**Records provided:**
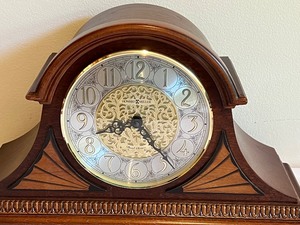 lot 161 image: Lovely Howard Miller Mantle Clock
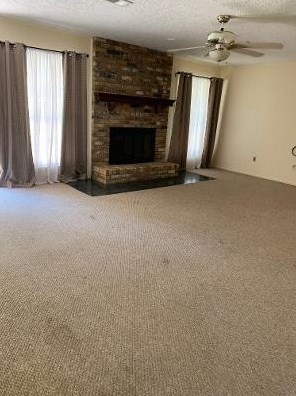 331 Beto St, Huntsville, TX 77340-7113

--

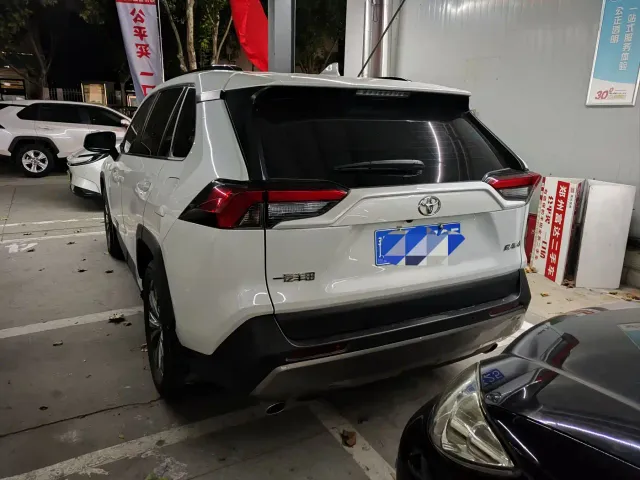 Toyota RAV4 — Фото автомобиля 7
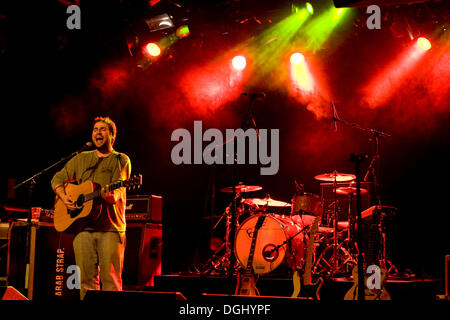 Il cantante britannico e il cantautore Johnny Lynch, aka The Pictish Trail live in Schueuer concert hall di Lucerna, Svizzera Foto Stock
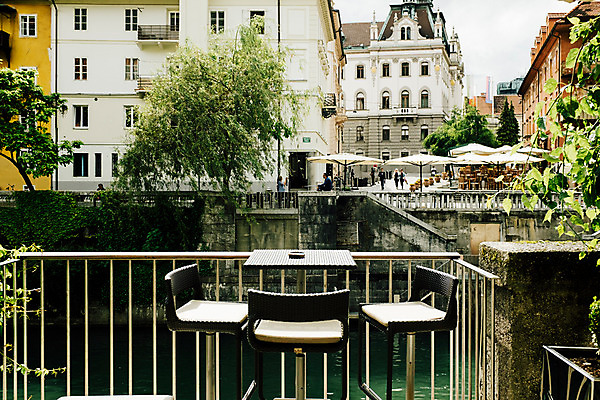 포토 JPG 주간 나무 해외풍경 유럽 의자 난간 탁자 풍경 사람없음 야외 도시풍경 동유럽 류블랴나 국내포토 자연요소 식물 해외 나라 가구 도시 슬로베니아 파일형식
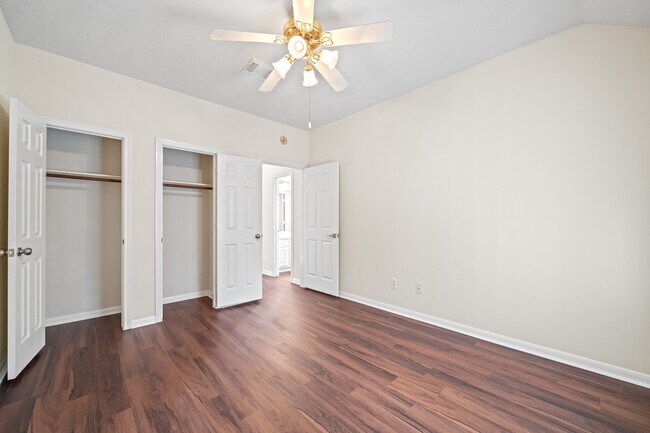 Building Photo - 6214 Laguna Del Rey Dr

**Instructions for the task:** Give back exactly the lines of the listing above from the one that contains "lot 161 image: Lovely" up to and including the one that contains "331 Beto St, Huntsville, TX 77340-7113", but not the pictures, and no other lines.

**Output for this exercise:**
 lot 161 image: Lovely Howard Miller Mantle Clock
 331 Beto St, Huntsville, TX 77340-7113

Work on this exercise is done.